Katja: If new philanthropists wanted to contribute to this area, do you have thoughts on what they should do?
(if they wanted to spend $10,000?)
(if they wanted to spend $1M?)
Paul: If it were possible to fund GiveWell labs more narrowly that would be an attractive opportunity, and GiveWell seems like an alright bet anyway. Their main virtue as compared to others in the space is that they are on a more straightforward trajectory where they have an OK model already and can improve it marginally.
It seems like CEA has access to a good number of smart young people who are unusually keen on effectiveness per se; it seems pretty plausible to me that they will eventually be able to turn some of that into valuable research. I think they aren’t there yet (and haven’t really been trying) so this is a lot more speculative (but marginal dollars may be more needed). If it were possible to free up Nick Beckstead’s time with more dollars I would seriously consider that.

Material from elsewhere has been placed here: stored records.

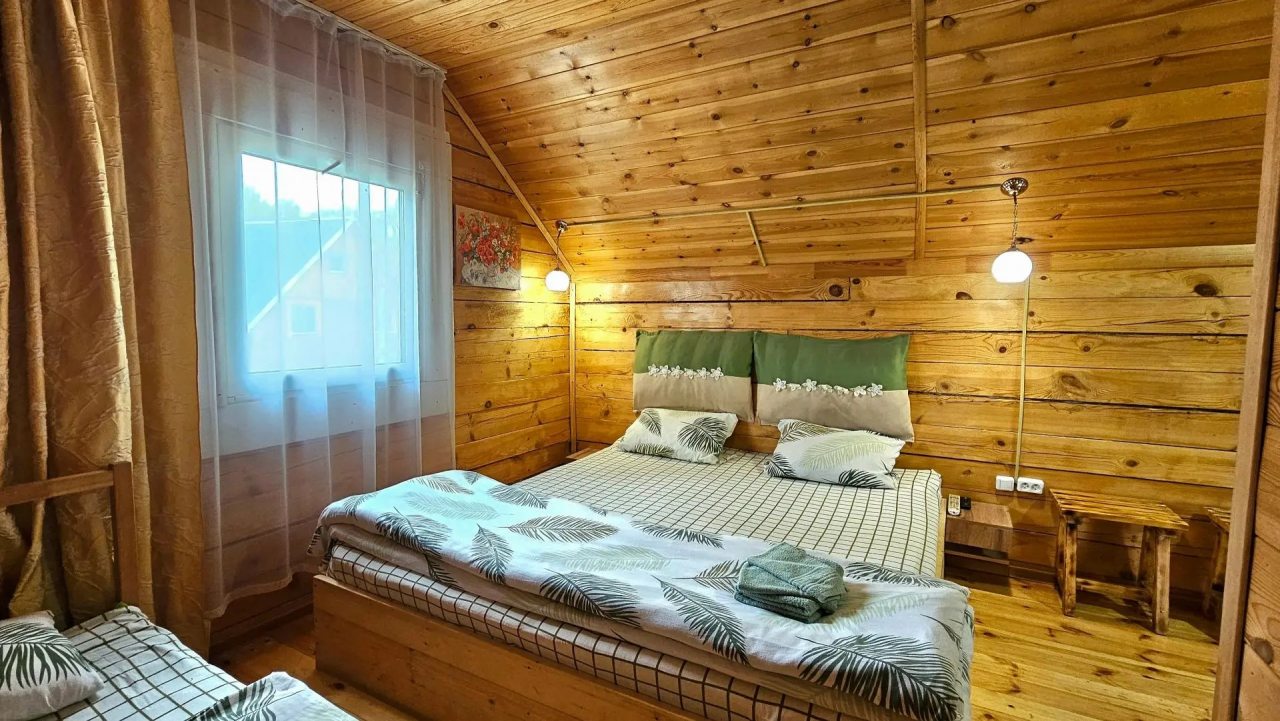Трехместный (Сосновый), База отдыха Усадьба Добрыня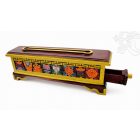 Fa füstölő égető a tibeti 8 szerencsejellel, legnagyobb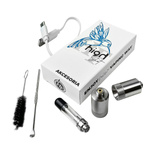 Vaporizer High Fly - High Shot (Weiß)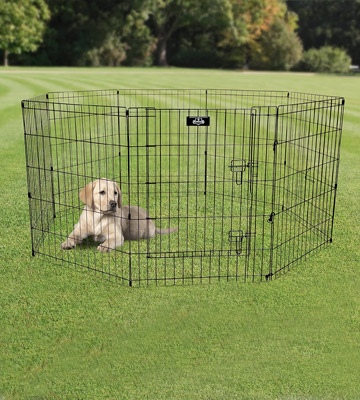 Review of PETMAKER 58 x 60X 30 Exercise Playpen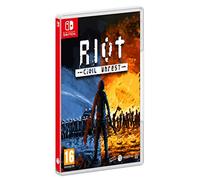 RIOT CIVIL UNREST - SWITCH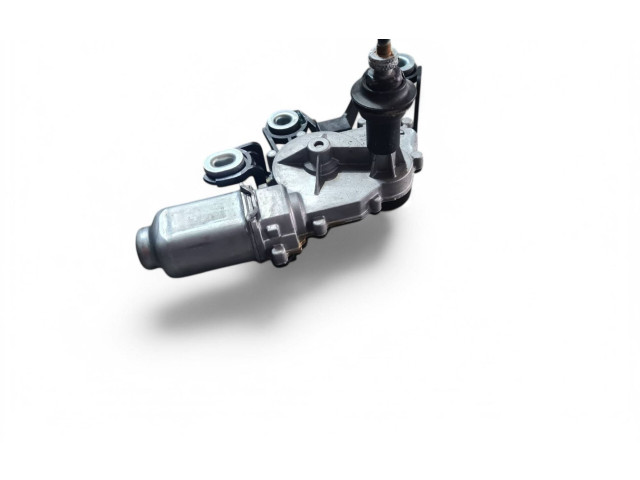 Турбина Двигатель стеклоочистителя заднего стекла Skoda Fabia Mk2 (5J) 5J9955711A, SA3210 для двигателя CBZB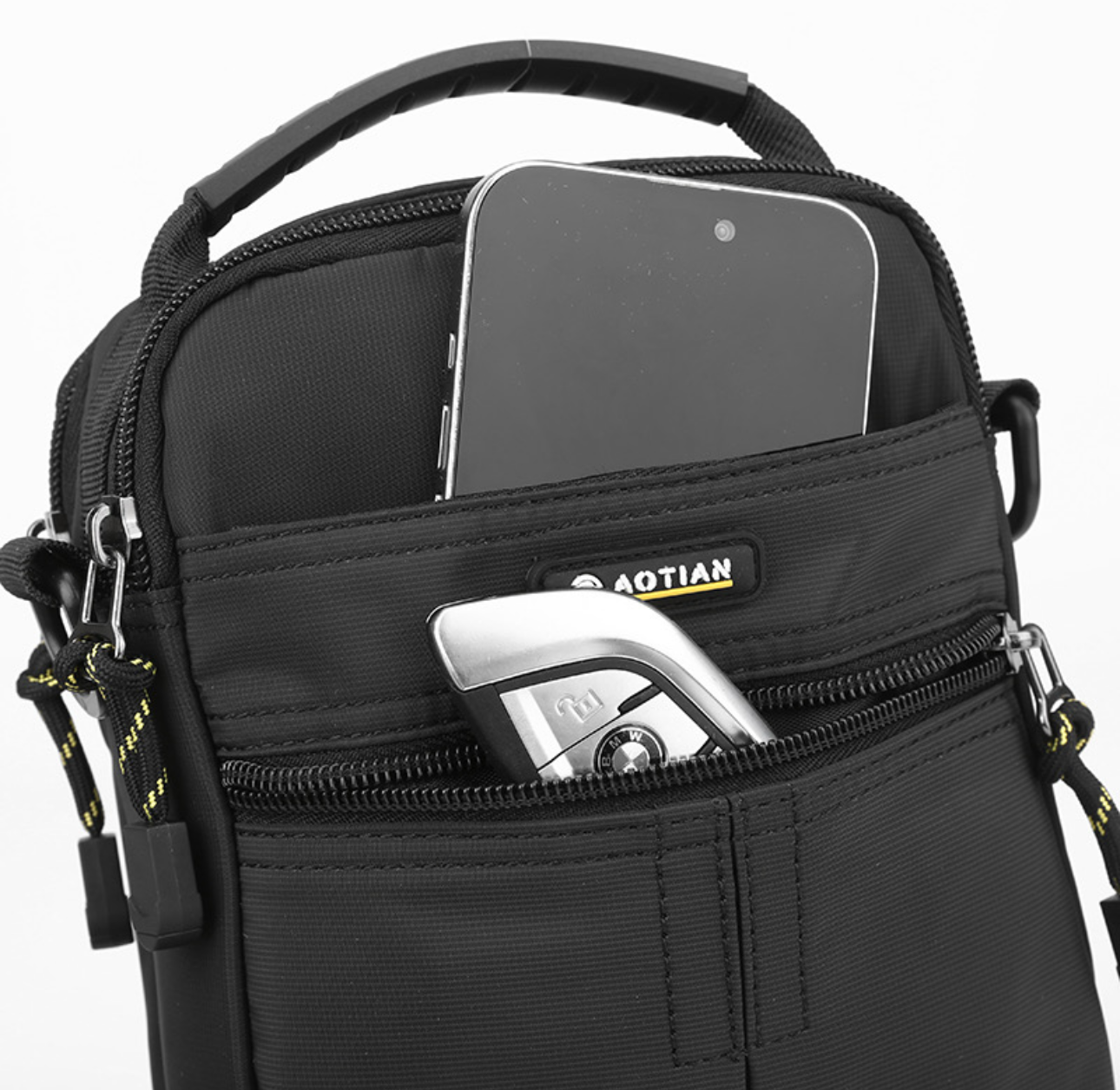 3790 Premium Compact Crossbody Shoulder Bag β Minimalist Style, Maximum Function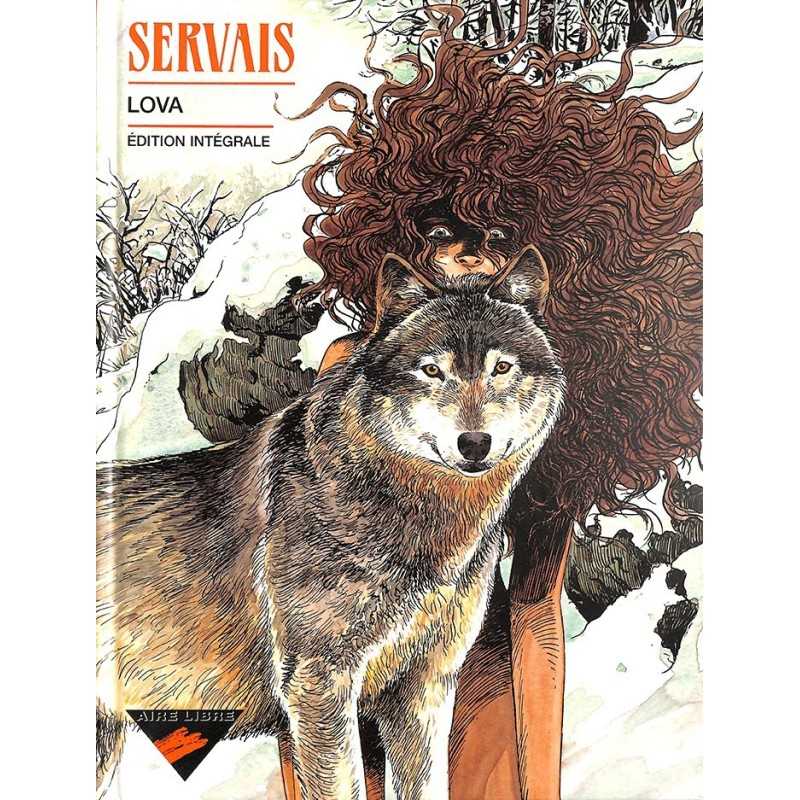 ABAO Bandes dessinées Lova intégrale.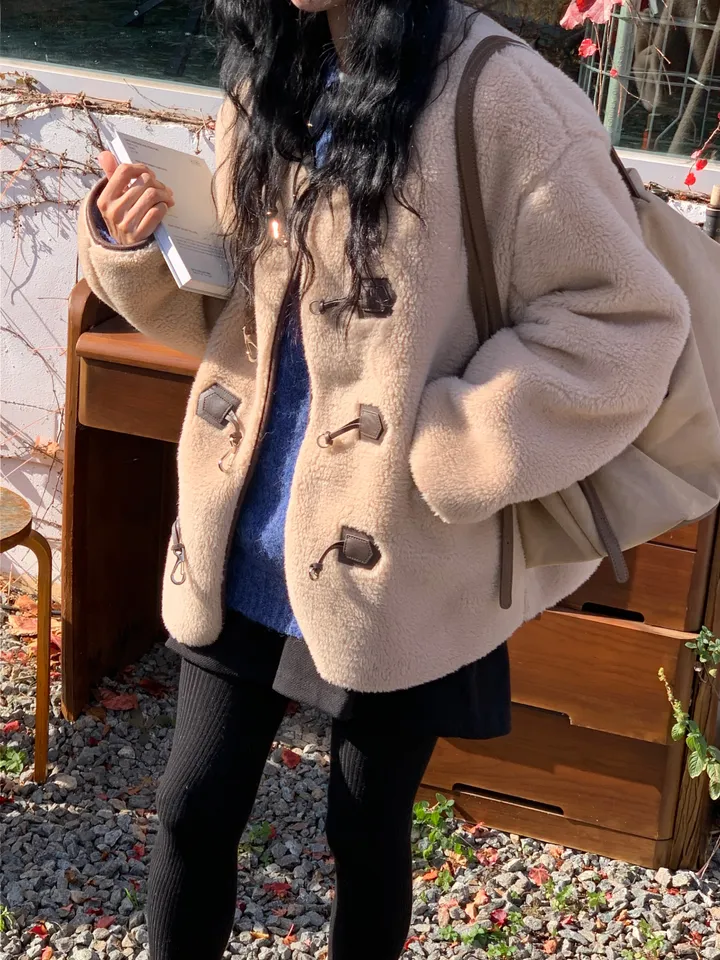 하디 노카라 퍼 무스탕 상세 이미지 5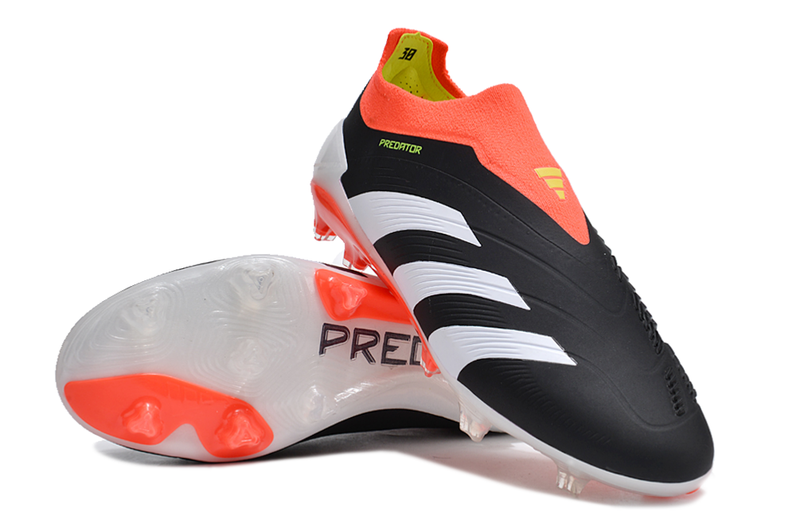 PREDATOR ACCURACY+ FG BOOTS35-45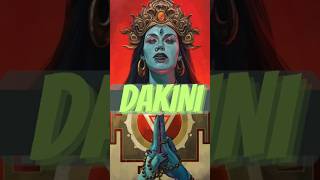 Dakini kaun hai l shorts dakinikarahasya hindumythology [upl. by Ainegul]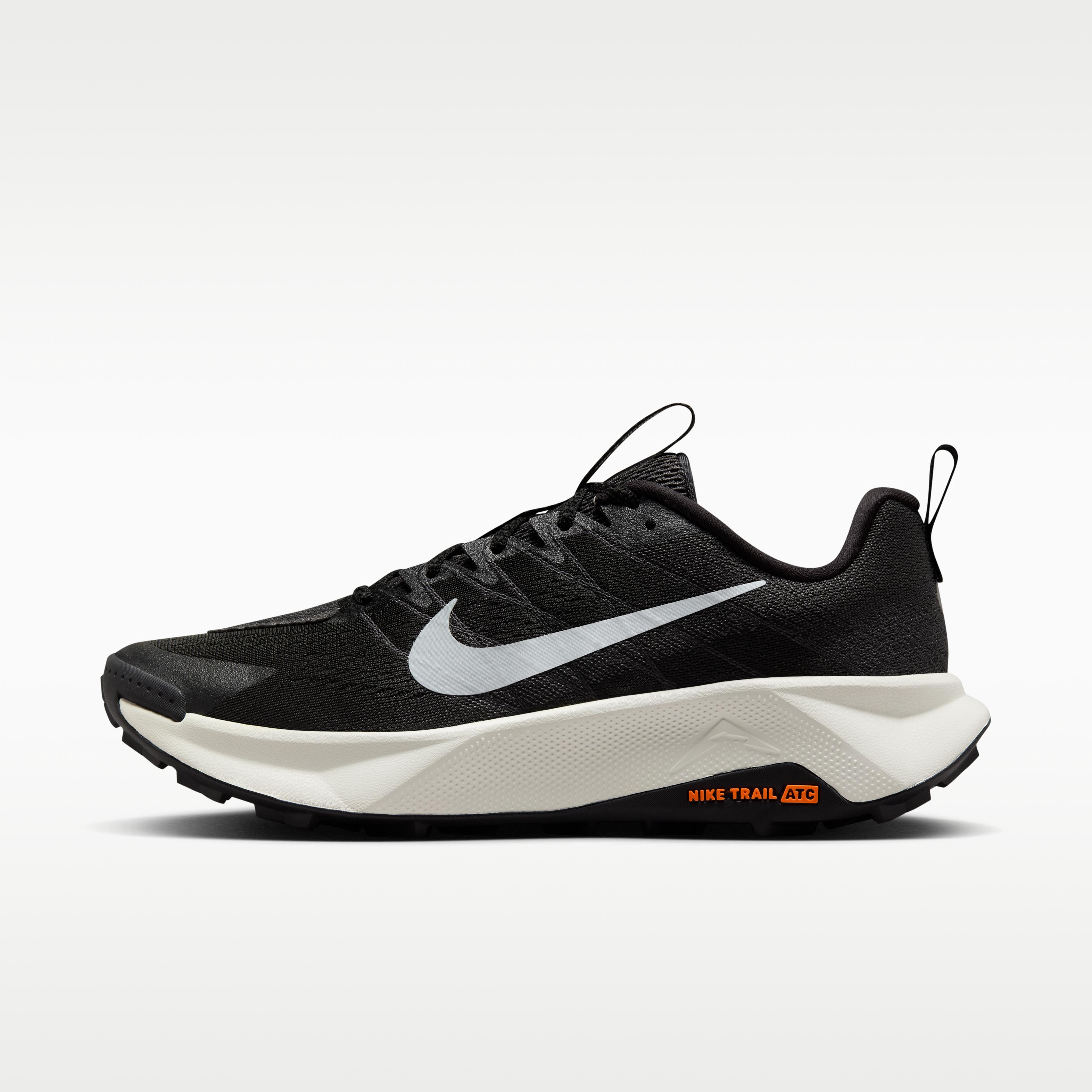 Nike Wildhorse 10 Black Anthracite Platinum Tint Wolf Grey 43
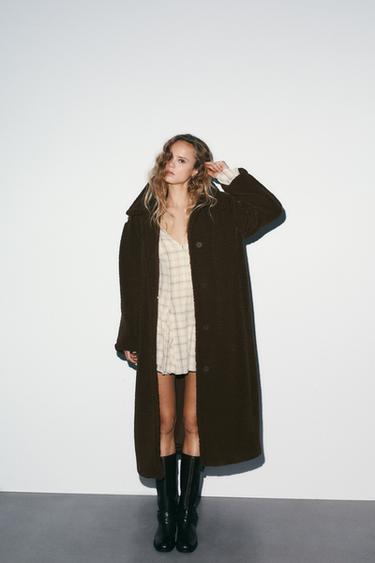 レディーステディコート | ZARA 日本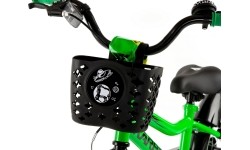 Rower Karbon Comet 16 green neon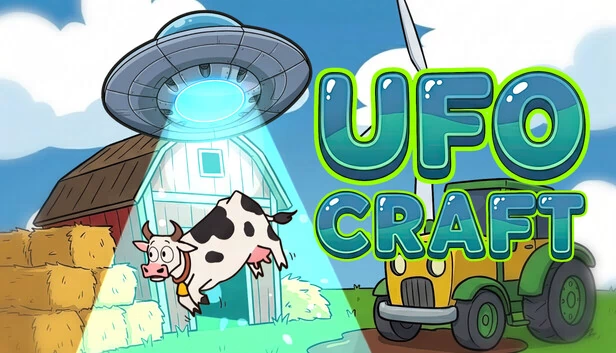 UFO Craft 游戏封面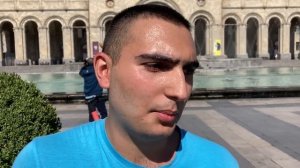 Что АРМЯНЕ думают про АЗЕРБАЙДЖАН? | ЕРЕВАН, АРМЕНИЯ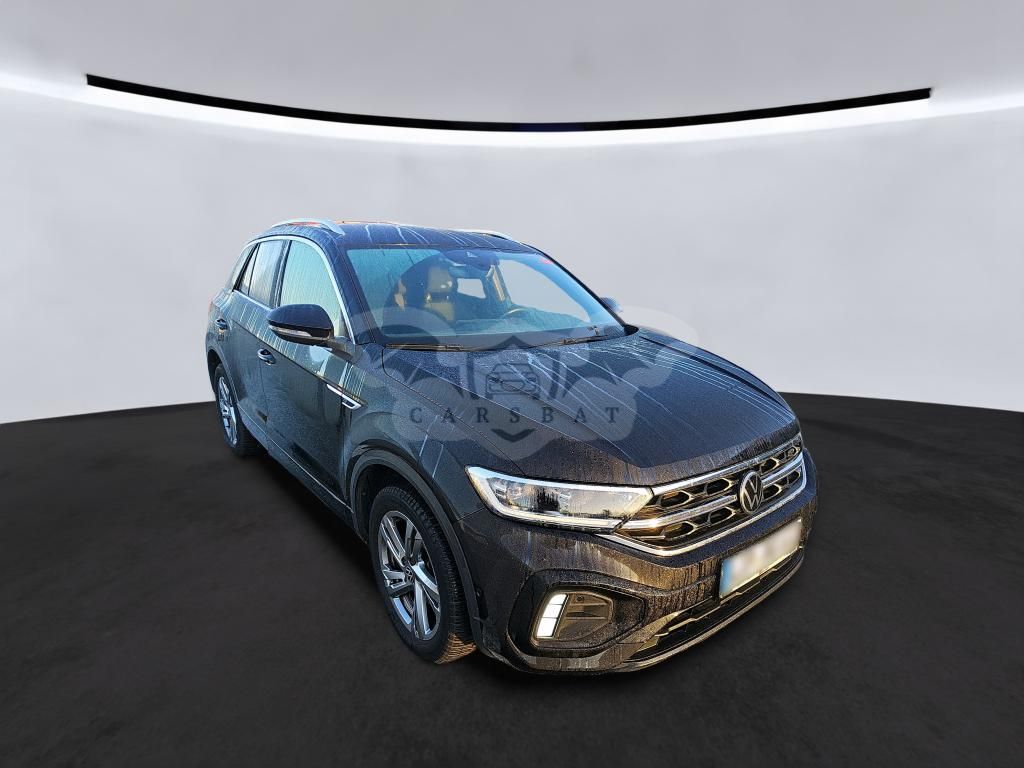Volkswagen T-ROC 1.0 TSI R-Line 2023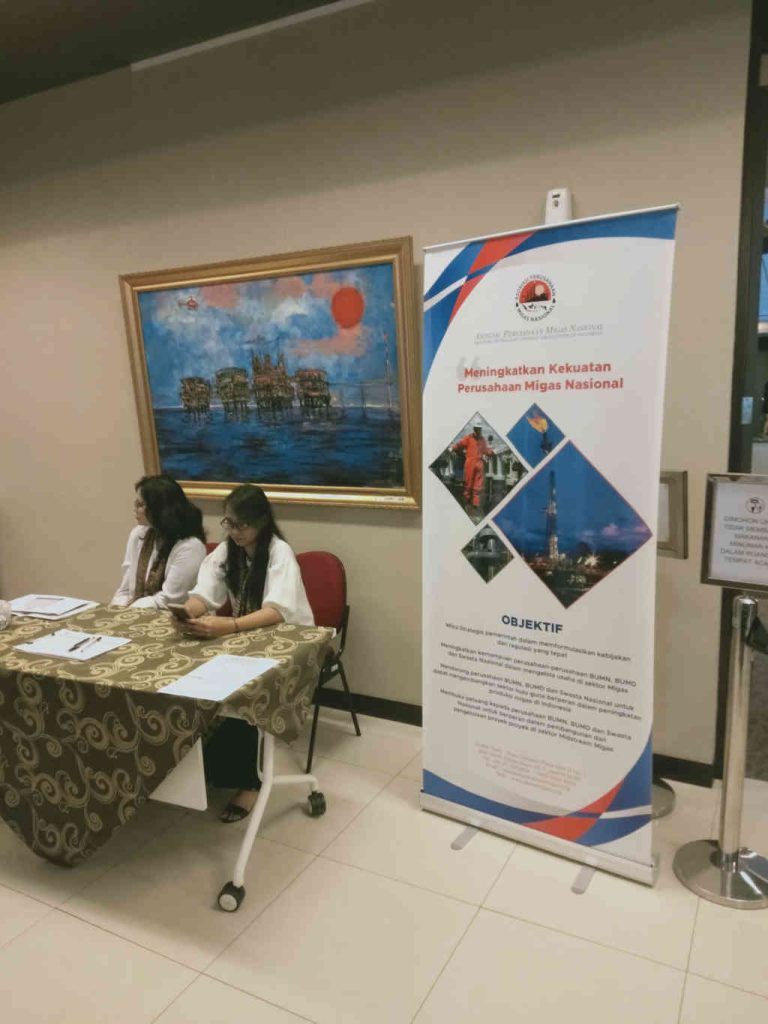 aspermigas seminar meningkatkan kekuatan migas nasional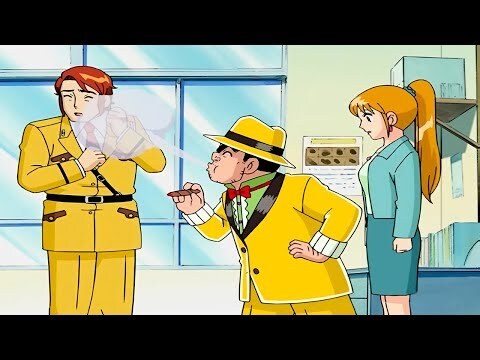 富士電視台 烏龍派出所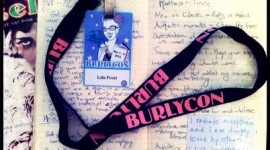 Lola Frost’s BurlyCon Diary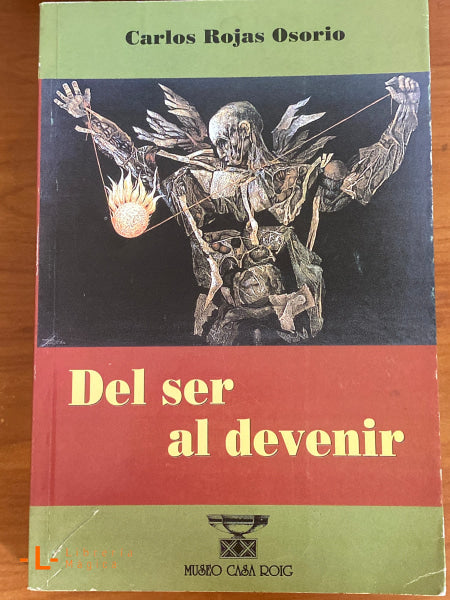Del ser al devenir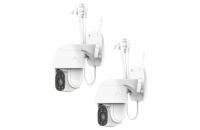 XtendLan OKO 4 Tuya set 2x PTZ kamer/ 1080p/ otočná/ IP65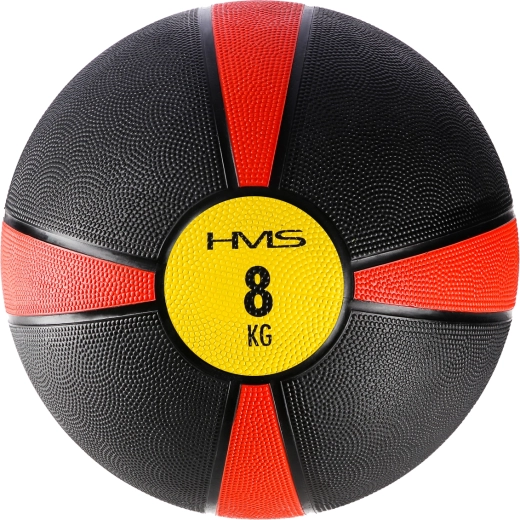 Médecine-ball HMS 8 kg
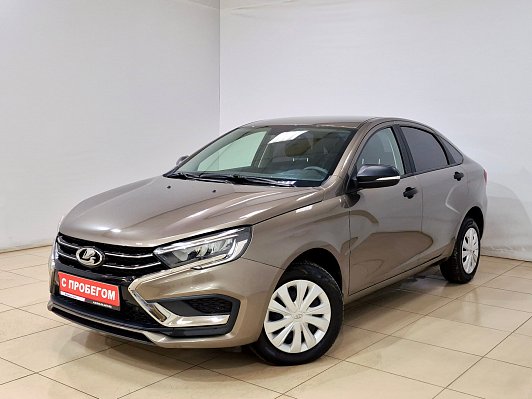 Lada (ВАЗ) Vesta Практик (2026), 2024 года, пробег 20874 км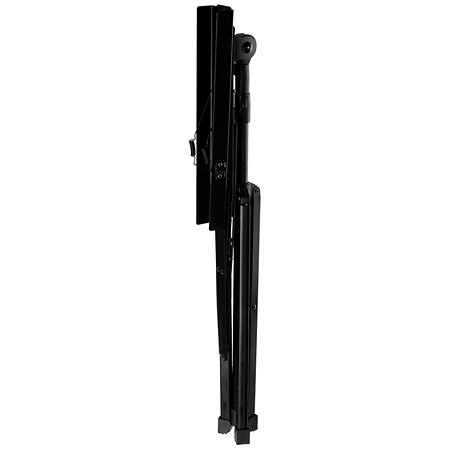 MS334WB Pupitre Léger + Housse Nylon Black Quik Lok
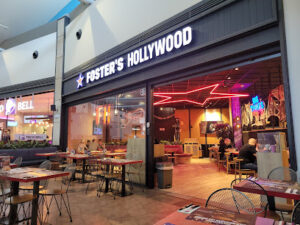 Foster's Hollywood - Salt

Katja: If you had money to spend on cause prioritization broadly, would it be better spent on prioritizing causes, more narrow research which informs prioritization (e.g. about long run effects of technological progress or effectiveness of bed nets), outreach, or something else? (e.g. other forms of synthesis, funding, doing good projects)
Paul: The most straightforwardly good-seeming thing to do at the moment is to bite off small questions relating to the relative promise of particular causes, and then do a solid job aggregating the empirical evidence and expert opinion to produce something that is pretty robustly useful. But there is also a lot of room for trying other things. Overall it seems like the most promising objective is building up the collective stock of knowledge that is robustly useful for making judgments between causes.
Katja: It is sometimes claimed that funders care very little about prioritization research, and so efforts are better spent on outreach than on research, which will be ignored. What do you think of this model?
Paul: I think that the number of people who might care is much larger than the number who currently do, and a primary bottleneck is that the product is not good enough. Between that and the fact that I’m quite confident there are at least a few million cause-agnostic dollars a year that seems sensitive to good arguments, I would be pretty comfortable contributing to cause prioritization. Outreach might be a better bet, but it’s certainly less certain, and my current best guess is that it’s less effective for reaching the most important people than building a more compelling product.